*** Material for the task ***
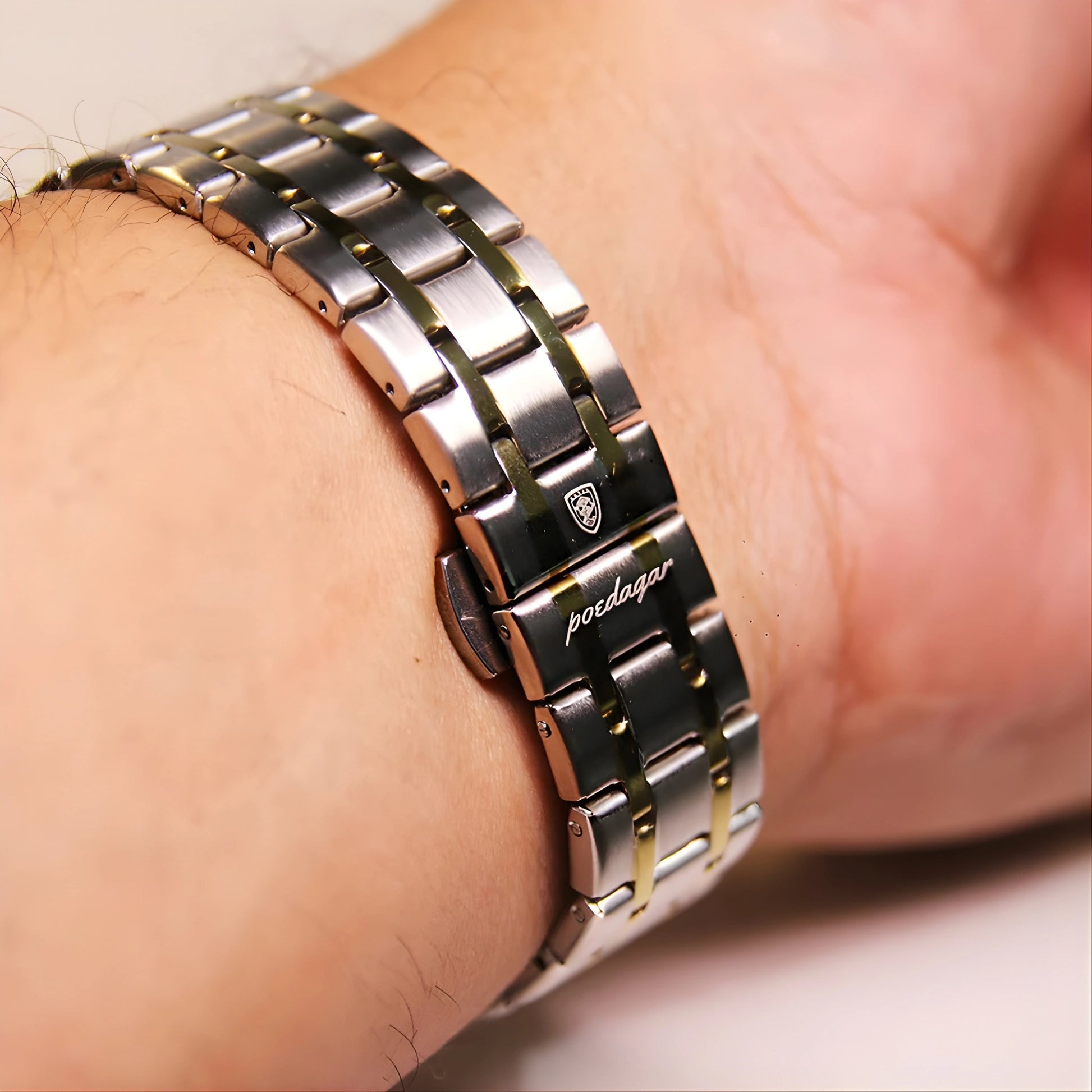 Close-up of a person wearing a two-tone metal watch on a plain background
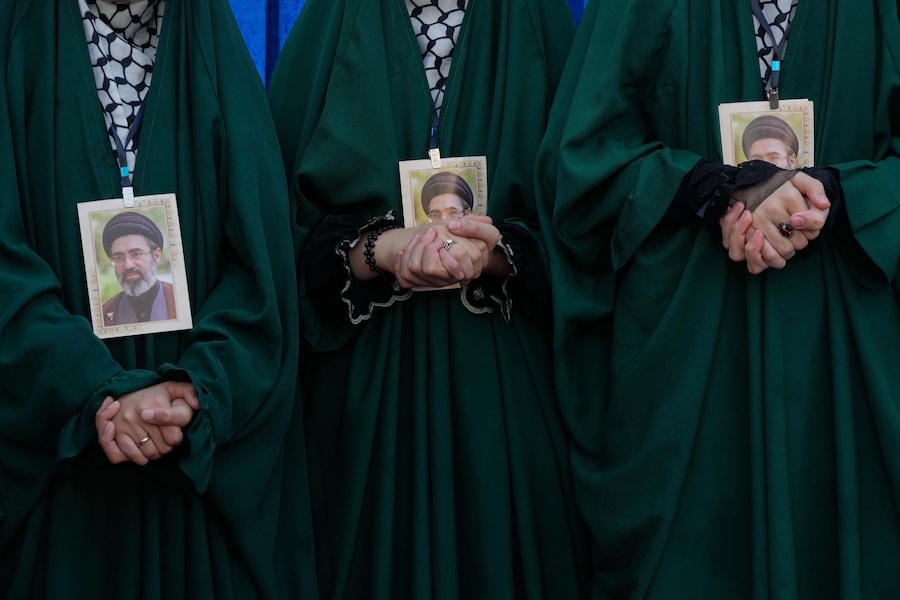 Alcune ragazze iraniane con ritratti della Guida Suprema, l’Ayatollah Mojtaba Khamenei, attendono di intonare un canto durante i rituali dell’Arbaeen, che si svolgono 40 giorni dopo l’Ashura, in commemorazione dell’uccisione del nipote del Profeta Maometto, l’Imam Hussein, e dei membri della sua famiglia nella battaglia di Karbala nel 680 d.C., a Teheran, in Iran. (AP Photo/Vahid Salemi/APN)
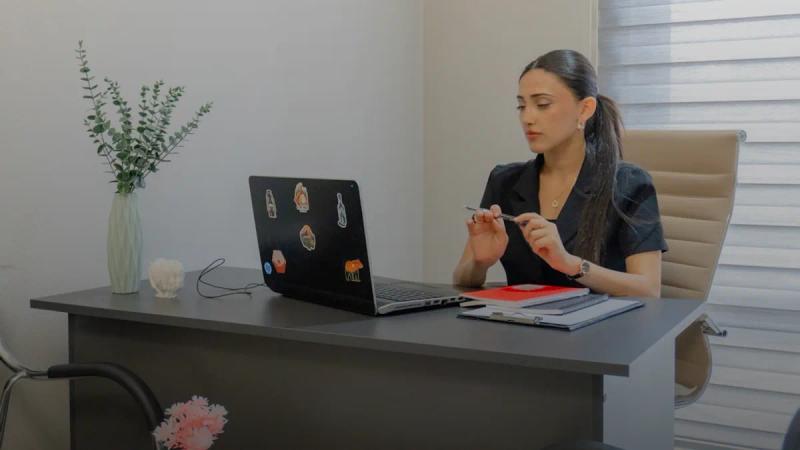 Woman working on a laptop at a desk
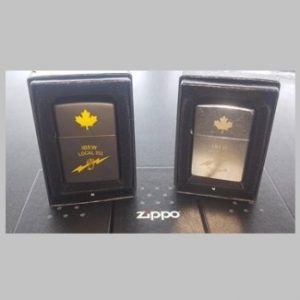 Photo of two Zippo lighters, one matte grey, one silver metal; each has a maple leaf on the lid and the IBEW logo on the case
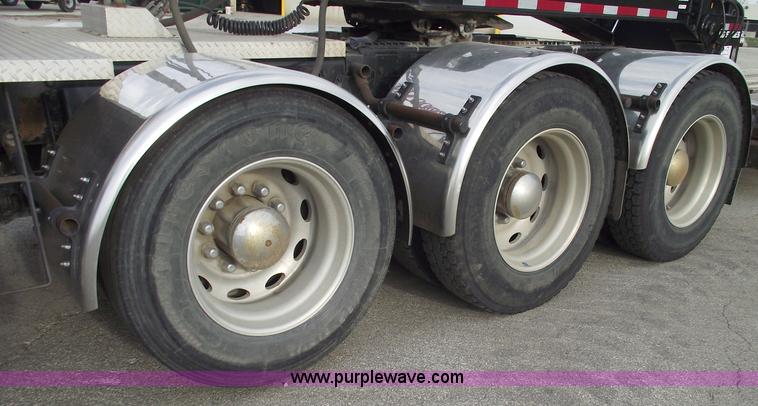 image for item C5708 1997 Peterbilt 378 triple axle semi truck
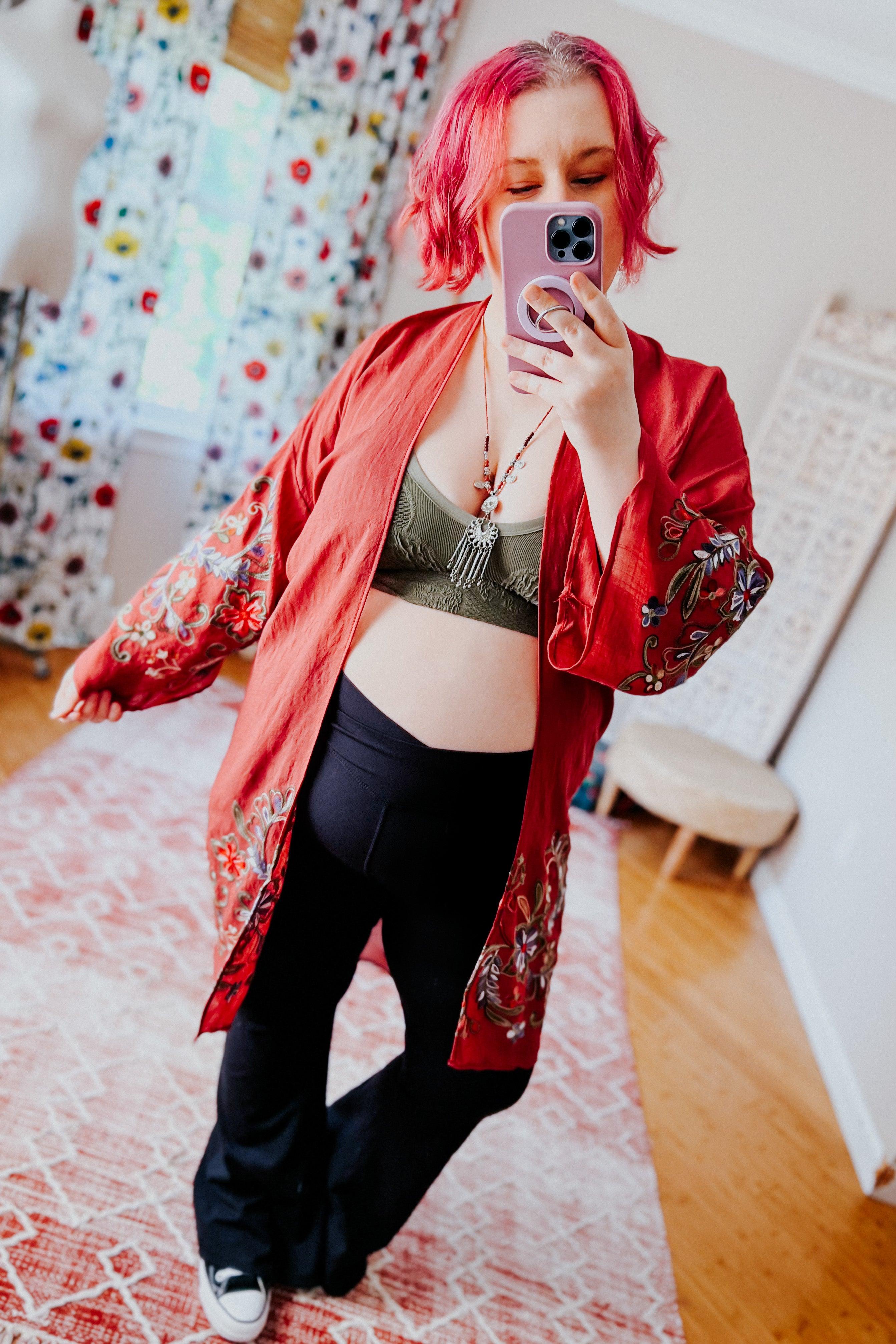 Woman taking selfie wearing crimson In The Meadow embroidered duster over olive bralette and black pants indoors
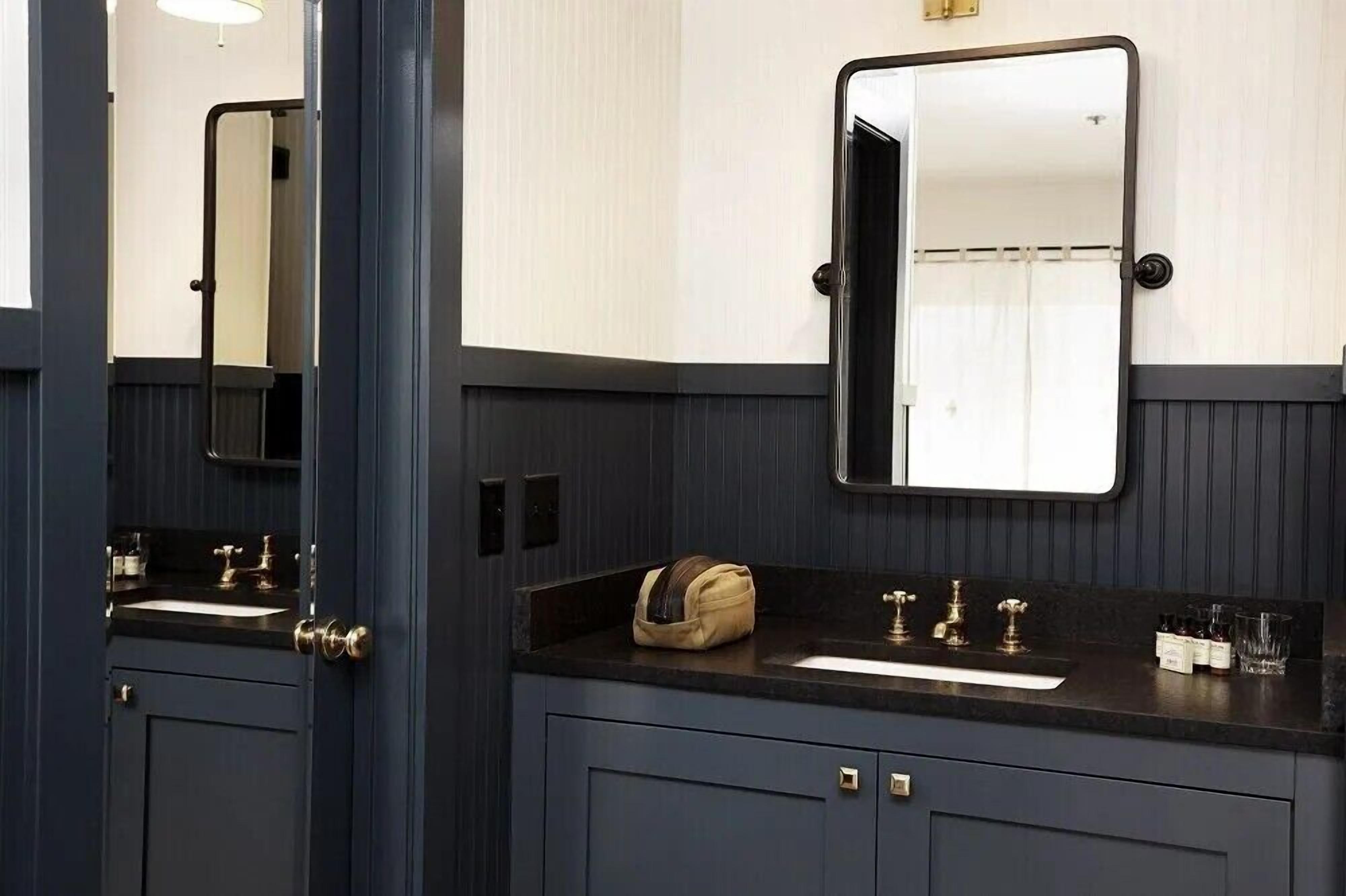 Un baño con tocador azul oscuro, un espejo, un lavabo y un perchero para toallas.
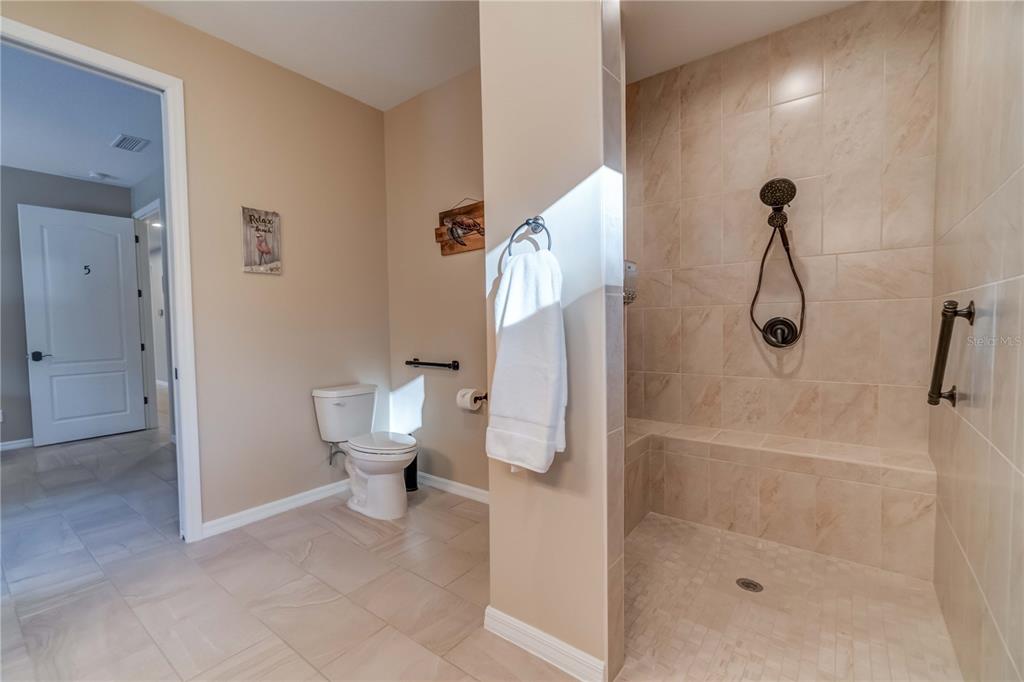 1991 Heasley Road Englewood, FL 34223 - Photo 64 of 70 a bathroom with a granite countertop toilet a sink and shower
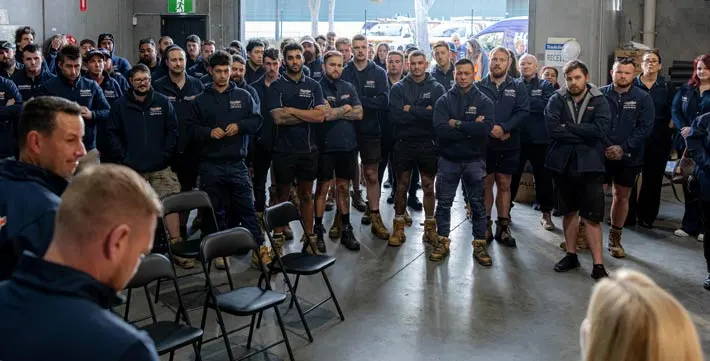 in the warehouse with technicians team meeting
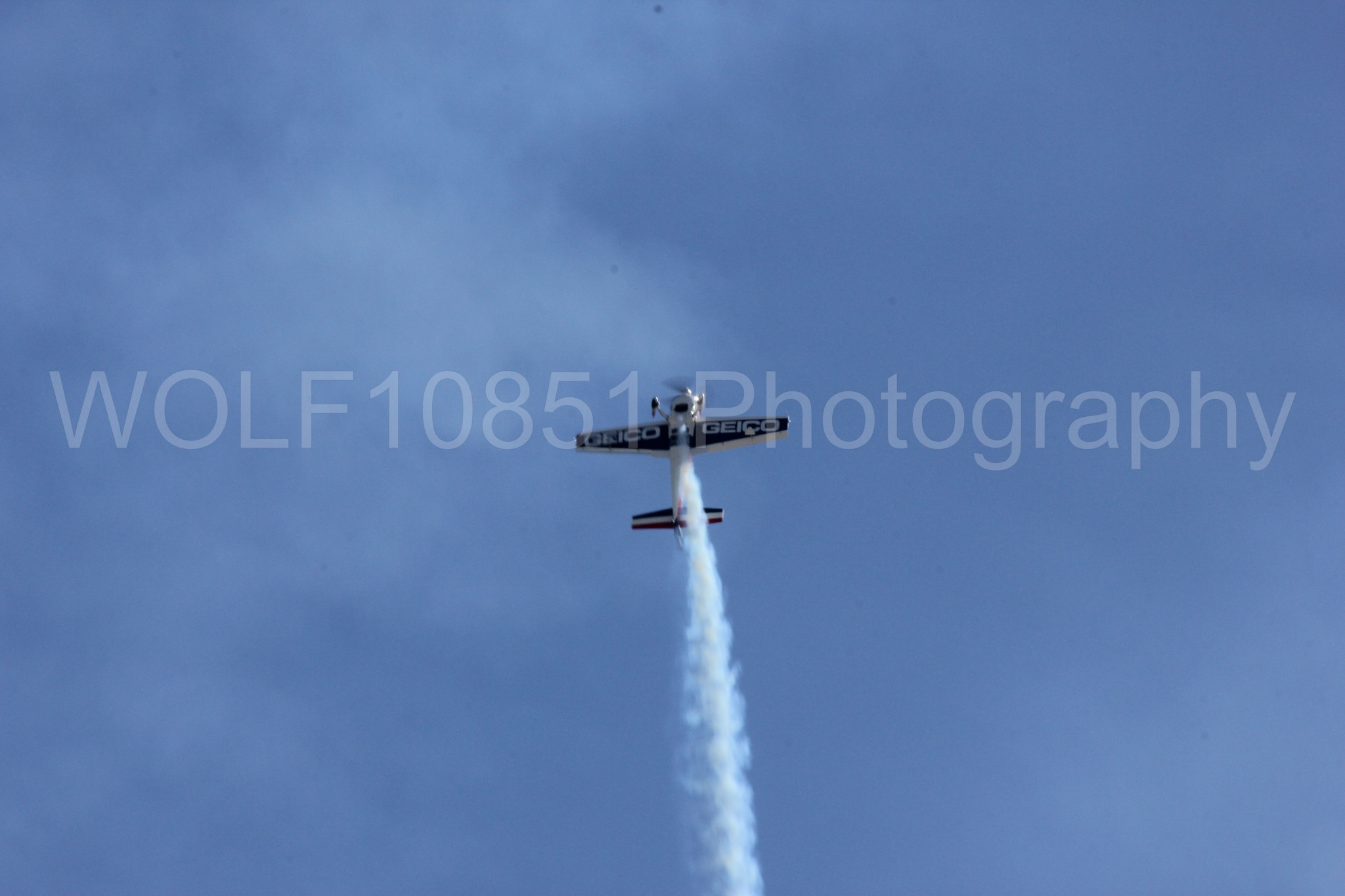 Aviation photography by WOLF10851 featuring Tim Weber, Geico, GEICO Skytypers, Extra EA-300, California Capital Airshow 2012.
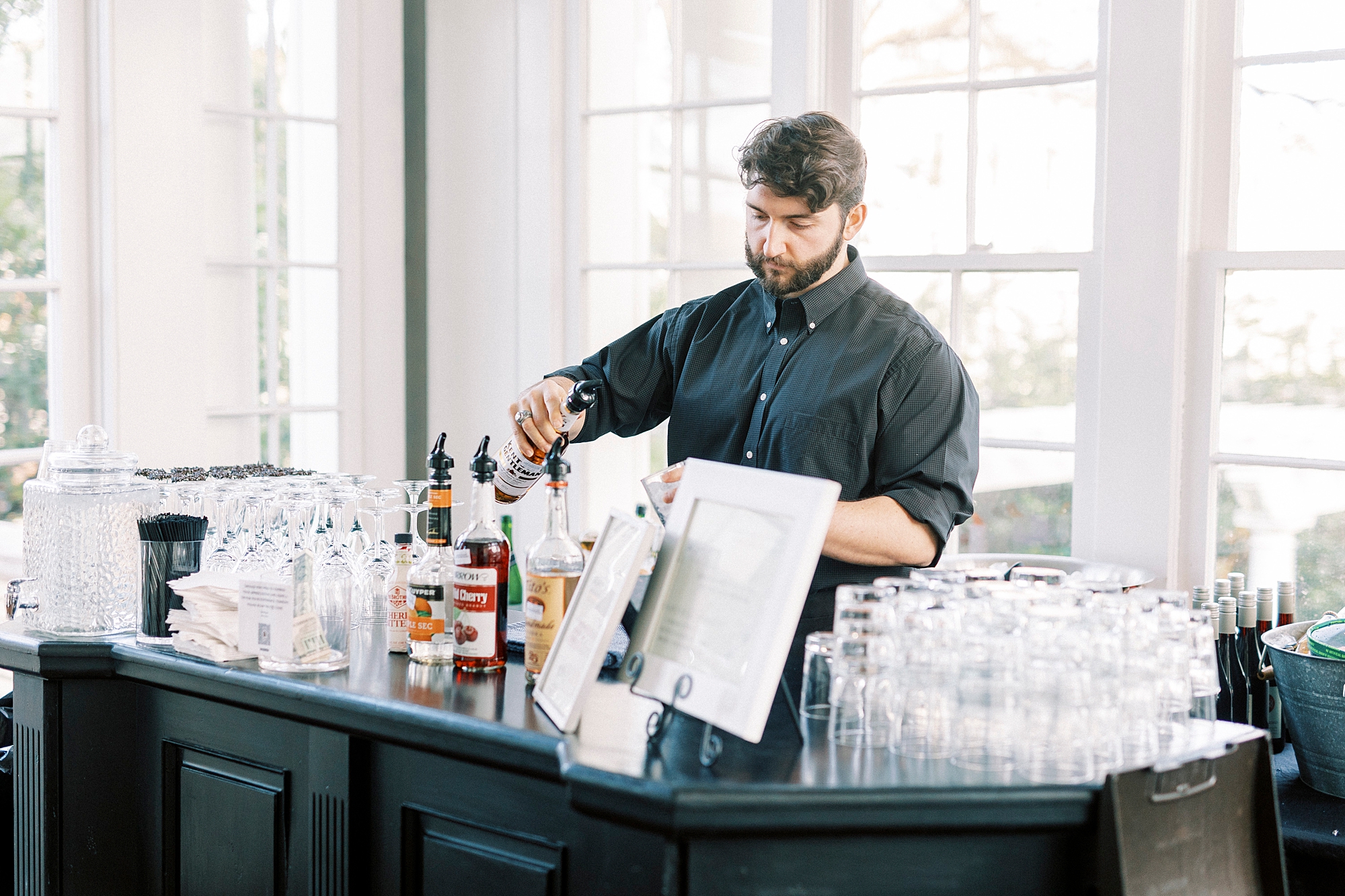 bartender makes drinks during tasting event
*** End of Material for the task ***
Every word of the material above should be copied exactly; no pictures.

Task result
 Close-up of a person wearing a two-tone metal watch on a plain background
 Alcune ragazze iraniane con ritratti della Guida Suprema, l’Ayatollah Mojtaba Khamenei, attendono di intonare un canto durante i rituali dell’Arbaeen, che si svolgono 40 giorni dopo l’Ashura, in commemorazione dell’uccisione del nipote del Profeta Maometto, l’Imam Hussein, e dei membri della sua famiglia nella battaglia di Karbala nel 680 d.C., a Teheran, in Iran. (AP Photo/Vahid Salemi/APN)
 Woman working on a laptop at a desk
 Photo of two Zippo lighters, one matte grey, one silver metal; each has a maple leaf on the lid and the IBEW logo on the case
 image for item C5708 1997 Peterbilt 378 triple axle semi truck
 Woman taking selfie wearing crimson In The Meadow embroidered duster over olive bralette and black pants indoors
 Un baño con tocador azul oscuro, un espejo, un lavabo y un perchero para toallas.
 1991 Heasley Road Englewood, FL 34223 - Photo 64 of 70 a bathroom with a granite countertop toilet a sink and shower
 in the warehouse with technicians team meeting
 Aviation photography by WOLF10851 featuring Tim Weber, Geico, GEICO Skytypers, Extra EA-300, California Capital Airshow 2012.
 bartender makes drinks during tasting event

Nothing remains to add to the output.